What the task asks: All lines from the one containing "BBO Poker Tables" through the end of the material below are to be printed exactly, both ends included, minus pictures.

Data under study:
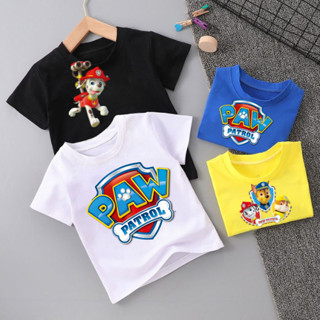 Áo thun đội chó cứu hộ paw patrol mini cho bé trai, từ 10- 40kg  chất liệu cotton co dãn,từ 5 tuổi trở lên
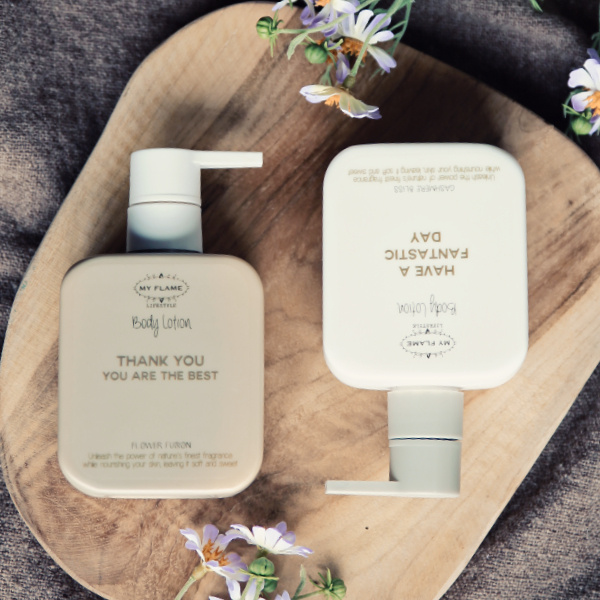 My Flame Lifestyle Hydraterende bodylotion Flower Fusion – Thank you. You are the best | Vegan verzorgende lichaamslotion cadeau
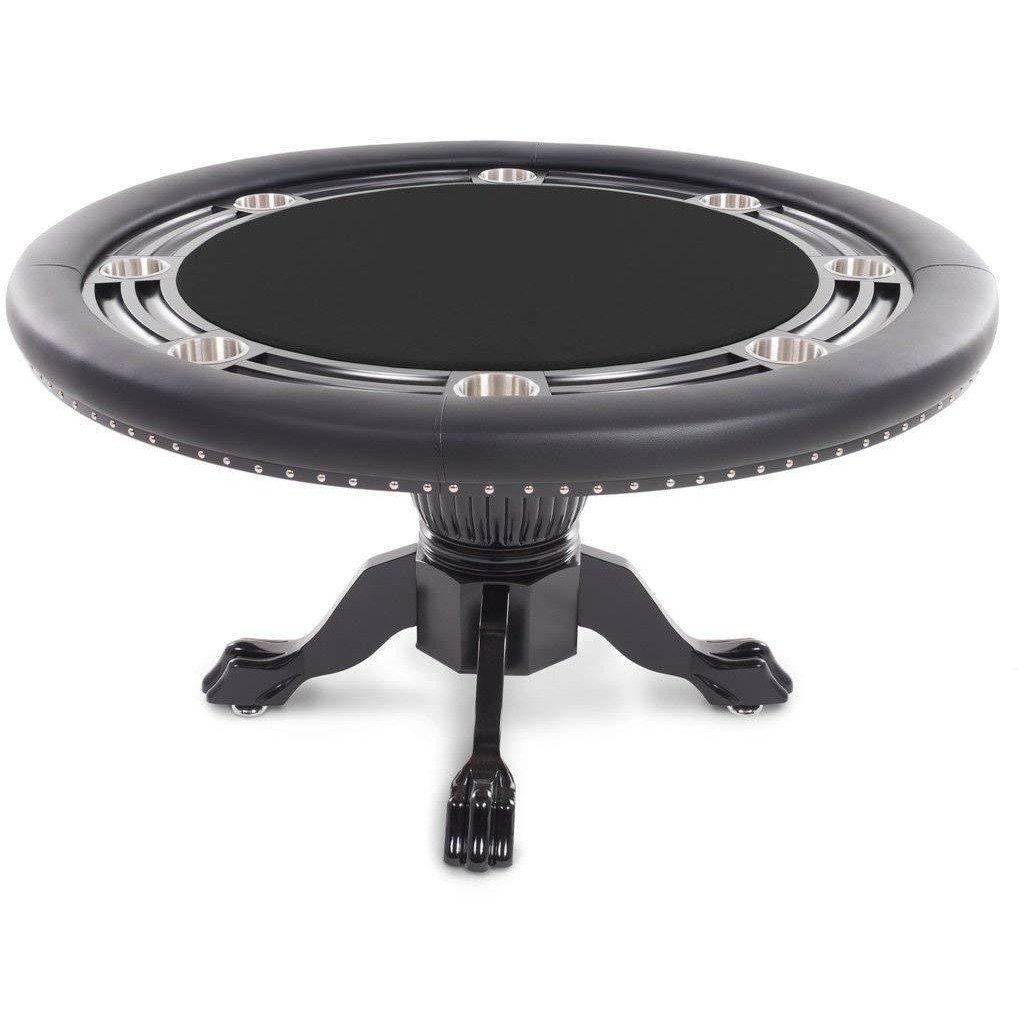 BBO Poker Tables Nighthawk Black Round Poker Table 8 Person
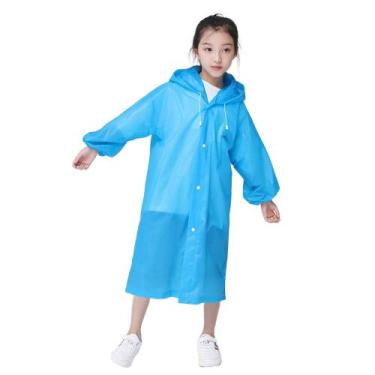 Imagem de Capa De Chuva Infantil Reforçada Eva Resistente - Briwax, Azul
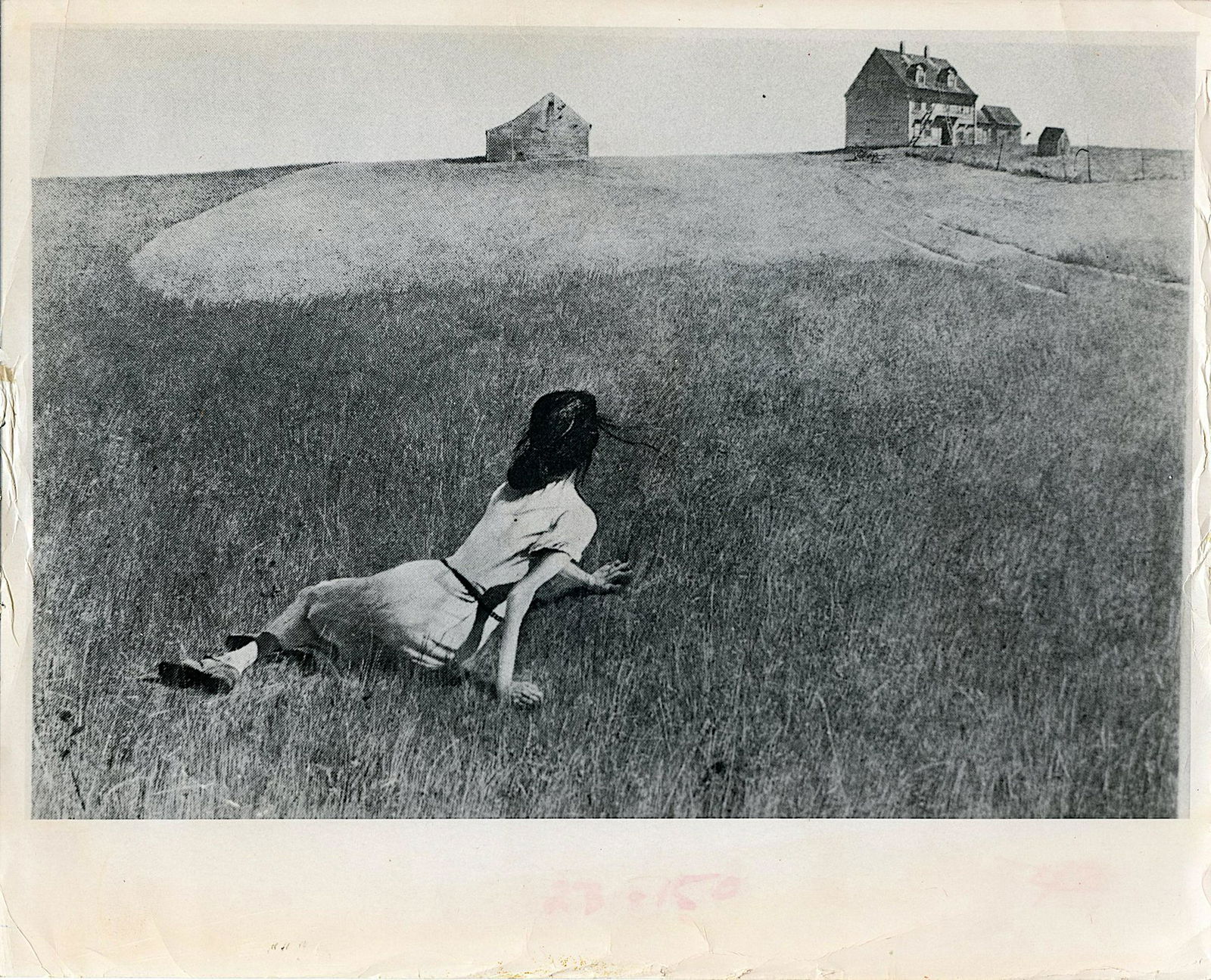 Vintage Photo of Christinas World by Andrew Wyeth: Original photo by Norman Zeislof dated 1968. Paper Dimensions 8.25" x 10".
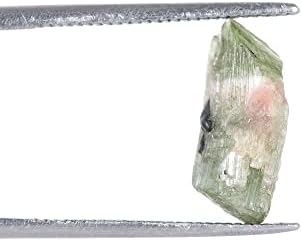 Gemhub Raw bruto outubro Birthstone Green Tourmaline 3,35 ct. Pedra de gem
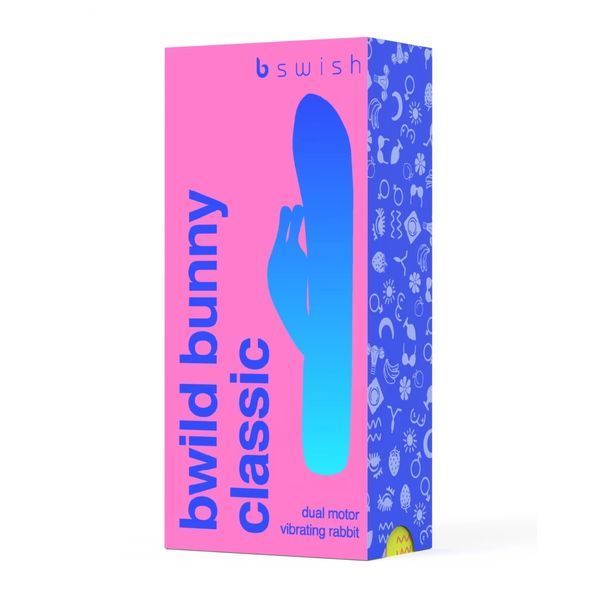 Вібратор-кролик B Swish Bwild Classic Bunny, 15.2 см (бірюзовий) 109826 фото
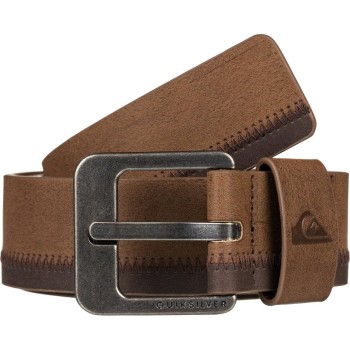 QUIKSILVER Binge -Men's Faux Leather Belt -Chocolate Brown QUIKSILVER Binge -Men's Faux Leather Belt -Chocolate Brown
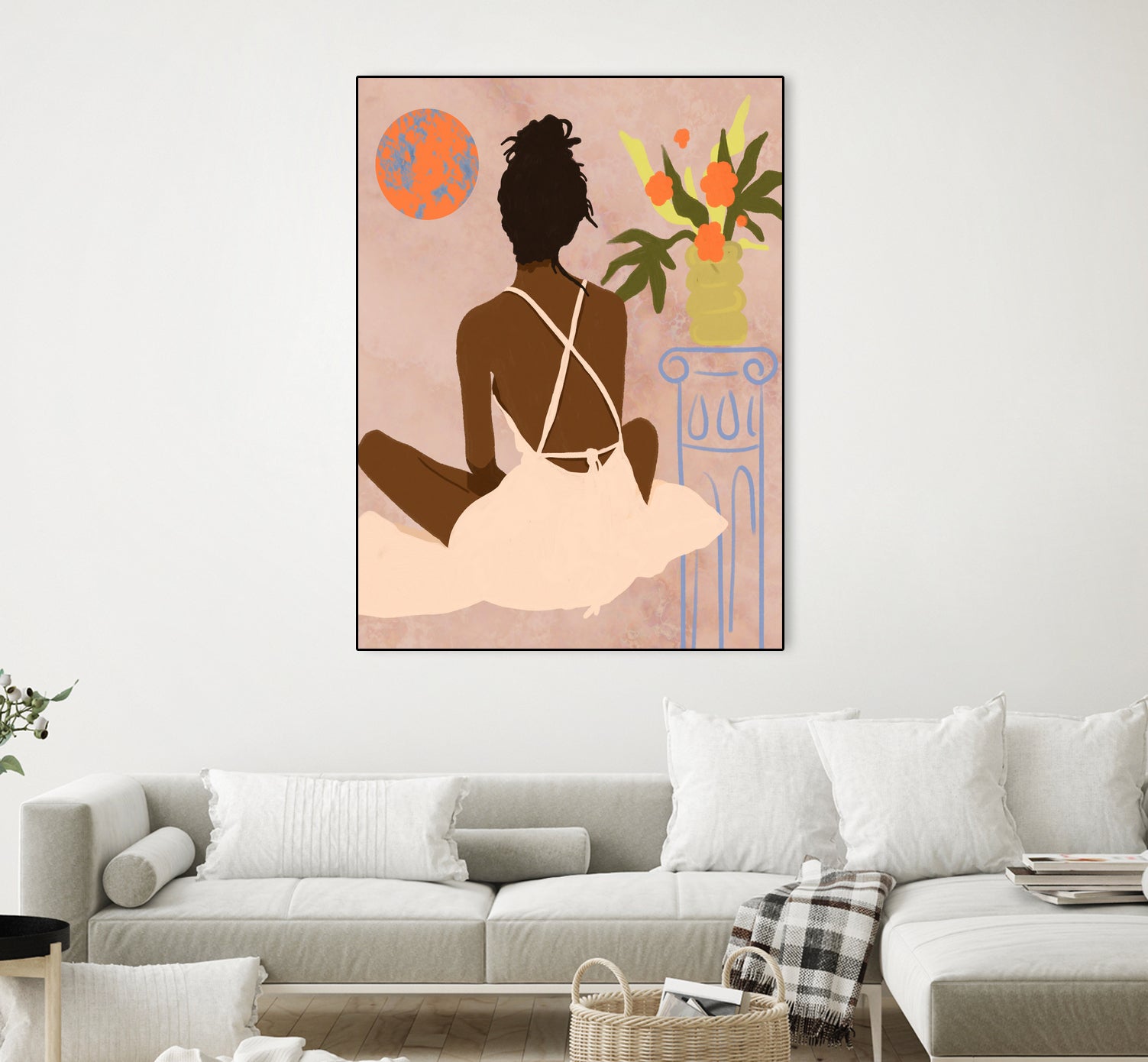 Gazing into the Abyss by Kintsugi99 on GIANT ART - orange framed canvas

Completed task:
 BBO Poker Tables Nighthawk Black Round Poker Table 8 Person
 Imagem de Capa De Chuva Infantil Reforçada Eva Resistente - Briwax, Azul
 Vintage Photo of Christinas World by Andrew Wyeth: Original photo by Norman Zeislof dated 1968. Paper Dimensions 8.25" x 10".
 Gemhub Raw bruto outubro Birthstone Green Tourmaline 3,35 ct. Pedra de gem
 Вібратор-кролик B Swish Bwild Classic Bunny, 15.2 см (бірюзовий) 109826 фото
 QUIKSILVER Binge -Men's Faux Leather Belt -Chocolate Brown QUIKSILVER Binge -Men's Faux Leather Belt -Chocolate Brown
 Gazing into the Abyss by Kintsugi99 on GIANT ART - orange framed canvas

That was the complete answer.